Stu's eyes widened to take in a sight somewhere behind me. At the same moment, I felt a sudden presence looming like a serene Titan at my back. The scent of roses, sunsets, ancient civilizations, primal musk filled my nostrils. Phoebe had come.
Stan looked at me in disbelief. "I, I didn't... Well, well, well. John Ebbingkraft. I had no idea you were running in these circles -- I wouldn't have... You should have said something." He turned in embarrassment to Phoebe. "With compliments, my Lady -- but wait! How foolish of me! These cigarettes are stale, past their prime.
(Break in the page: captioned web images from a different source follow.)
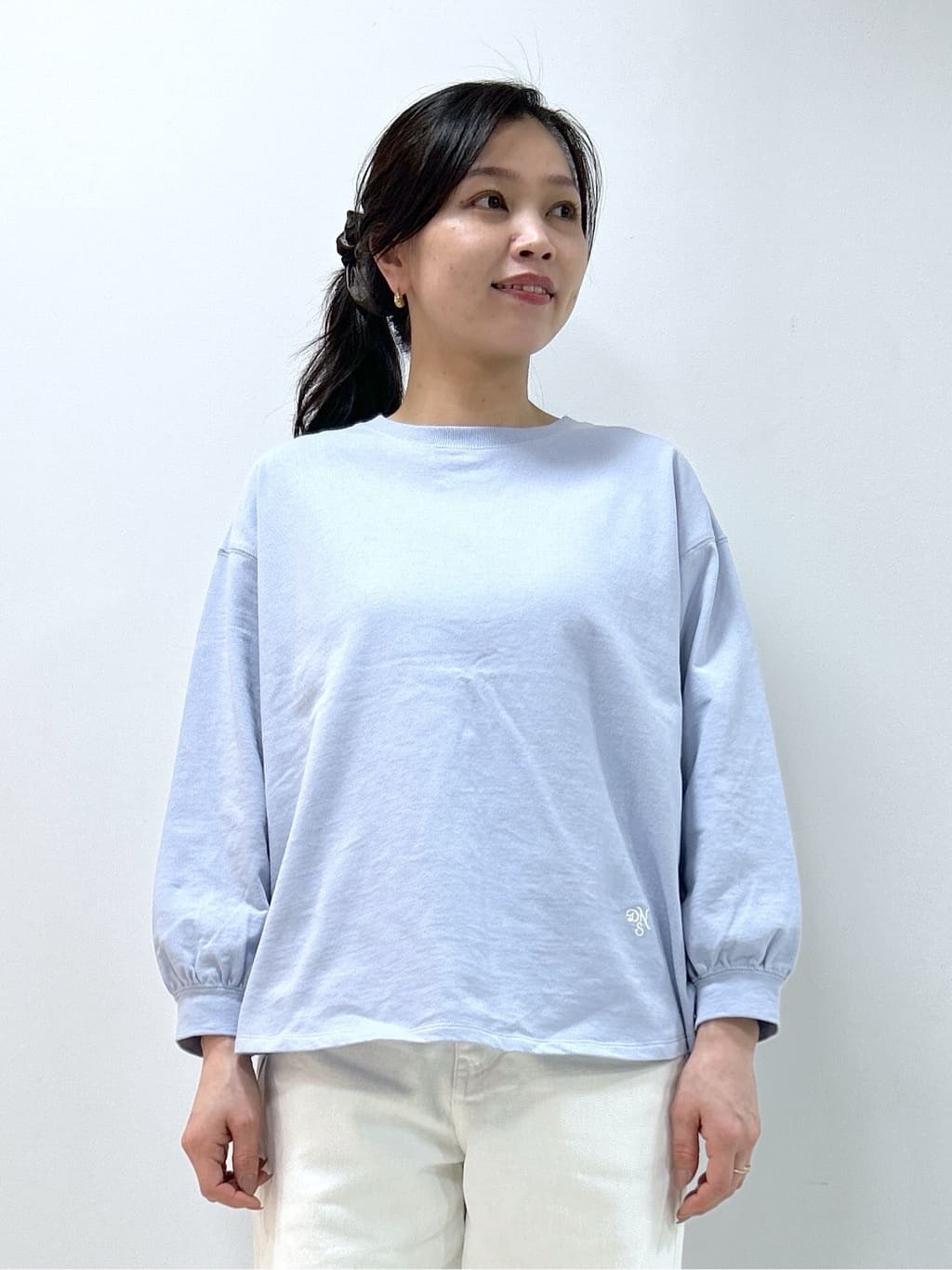 Kaiさんの「Dessin｜【撥水・洗える】フーデッドライトブルゾン」を使ったコーディネート
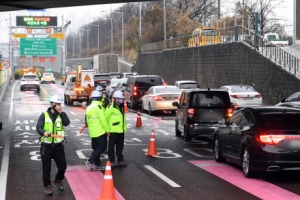 서부간선 지하도로 침수… 오늘 통행 재개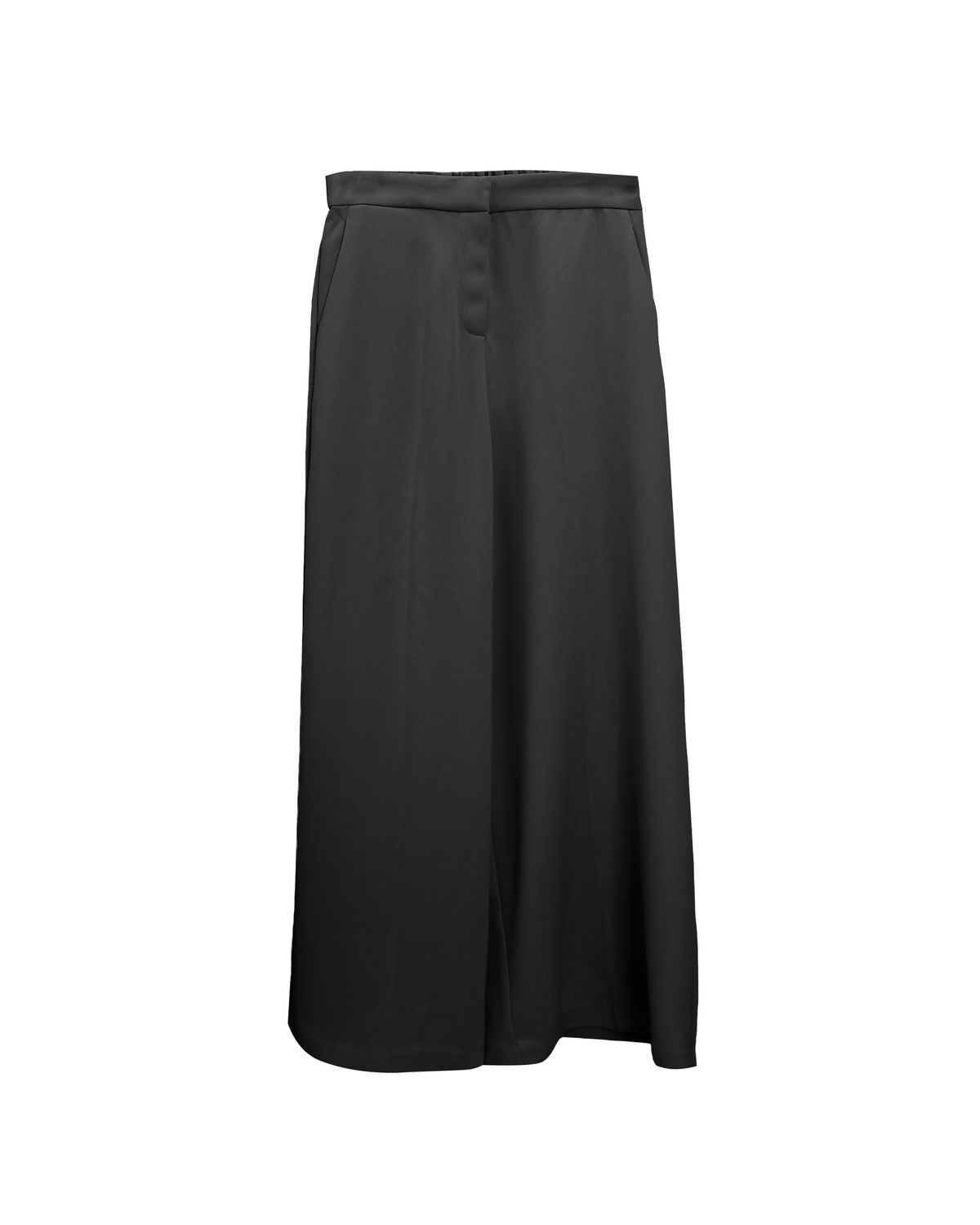 STRAIGHT LEG PANTS - BLACK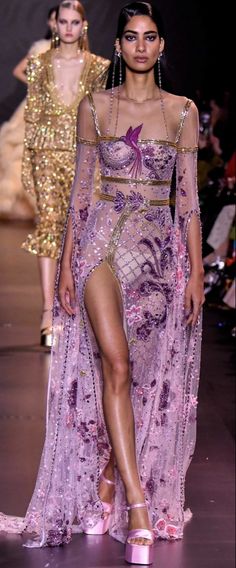 High Fashion Couture, Runway Fashion Couture, Georges Hobeika, Spring Summer 2023, Fashion Runway, Glam Dresses, Fashion Line, Looks Style, Summer 2023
Your indulgence, please..." He moved quickly to a wall safe, and on opening it produced four more cartons of Tharsis Reds. "These, Madam, are for you."
"Of course -- ha ha! -- there is no need for payment here. The cigarettes are a gift. And if there is anything more I can do, simply alert me that my services would be useful, and I am yours to command..."
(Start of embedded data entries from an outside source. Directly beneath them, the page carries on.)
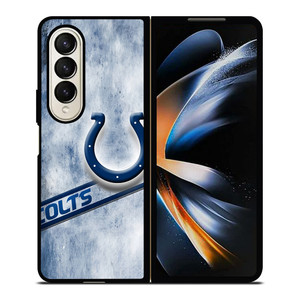 INDIANAPOLIS COLTS NFL SYMBOL Samsung Galaxy Z Fold 4 Case Cover INDIANAPOLIS COLTS NFL SYMBOL Samsung Galaxy Z Fold 4 Case Cover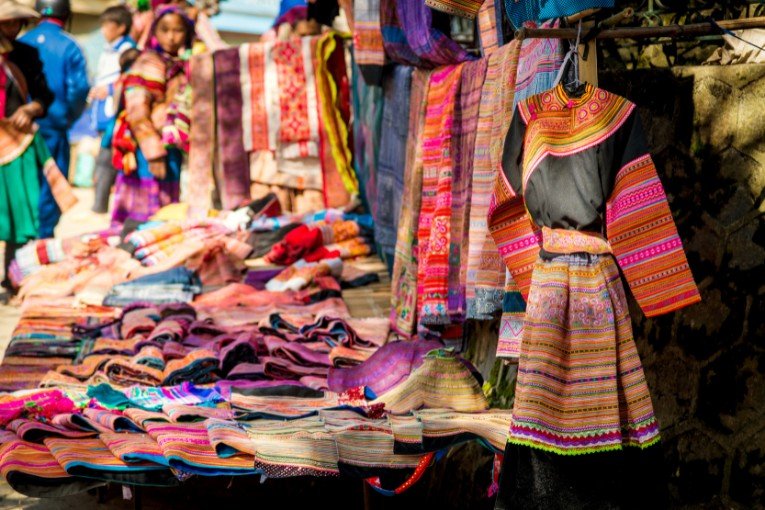 Bac Ha Market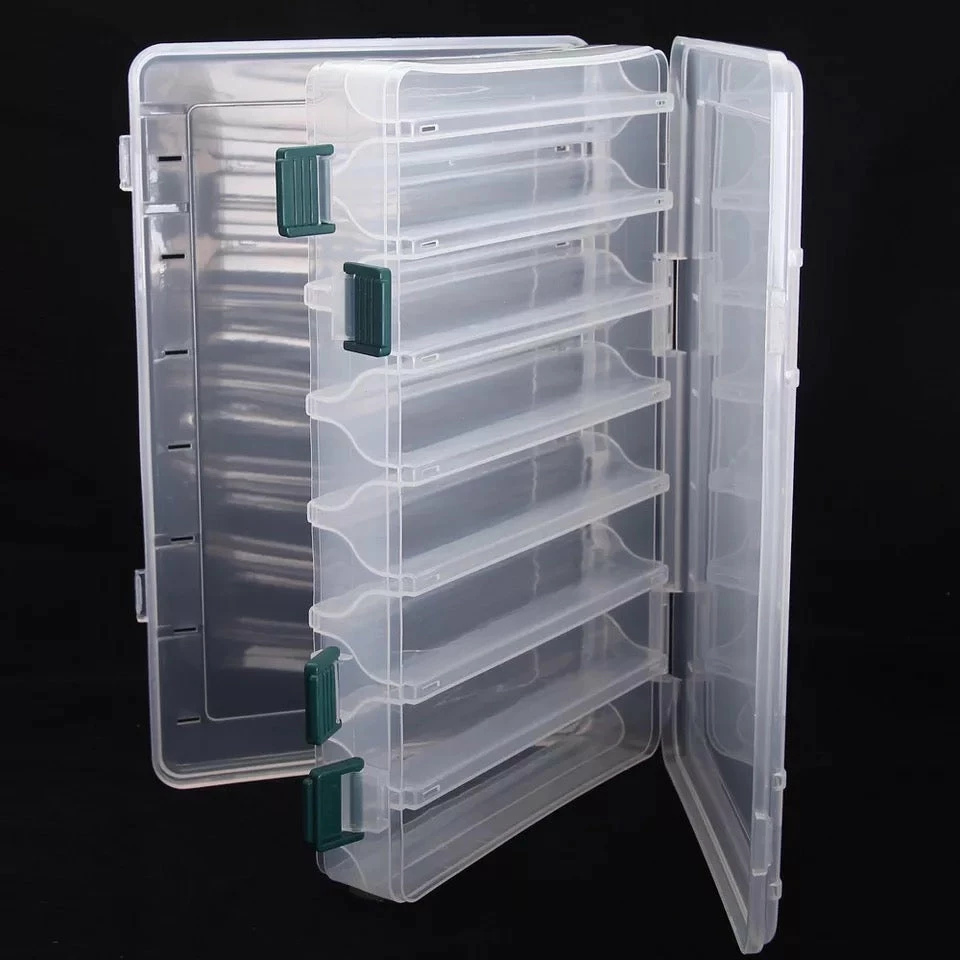 Amish Outfitters Tackle Boxes/Bait Storage Double Sided Crank Bait Box 1 Amish Outfitters Tackle Boxes/Bait Storage Double Sided Crank Bait Box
As Phoebe made her Olympian exit, Steve brought his face close to mine and hissed, "Alright you bastard, you win -- take your damned ovens and get the fuck out of here. And never, ever let me see your face again!"
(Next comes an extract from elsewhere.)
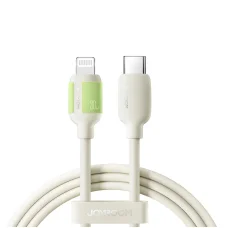 USB-C to Lightning kábel Joyroom S-A53, 30W, 3A, 2m, Bézs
Meanwhile, in a small pub in Hamtrammack, Dr. Phlibious Putrum, B.S. Ph.D. M.D. and a very expensive expert witness in tobacco litigation, was idly tapping the filter end of a Tharsis Red on the stained formica countertop. His companion, Nieva, a shrewish woman with thin wide lips and buck teeth, was rifling through a stack of coffee stained papers.
The Dr. sighed, "It's all there - the spectral analysis, the chemical composition..."
"Yes, yes, I see that," Nieva hissed, "If they aren't tobacco what are they?"
"Well, dear," He patted her knee in a platonic fashion, "Your magazine paid for the test results," The knee on her hand was suddenly anything but platonic..."But for my expert opinion..., well, let's just say you will have to ask very nicely."
She slapped him, hard. "You filthy fuck. We didn't pay you we blackmailed you and if you don't want those photos mailed you'd best cut out the shit and level with me!"
He frowned, removed his glasses, and wiped them with a white hanky. "Of course. Tharsis Reds are designed to deliver methane gas, mercury, and trace amounts of several heavy metals - orally. There are additives to make the smoke taste and smell like that of cigarettes, but if I were to light this and smoke it...well, let's just say it would be a very disturbing occurrance."
"I don't know."
Neither of them noticed when the slightly pudgy man with a pasty face got up to make a phone call. He left a full ashtray and no tip.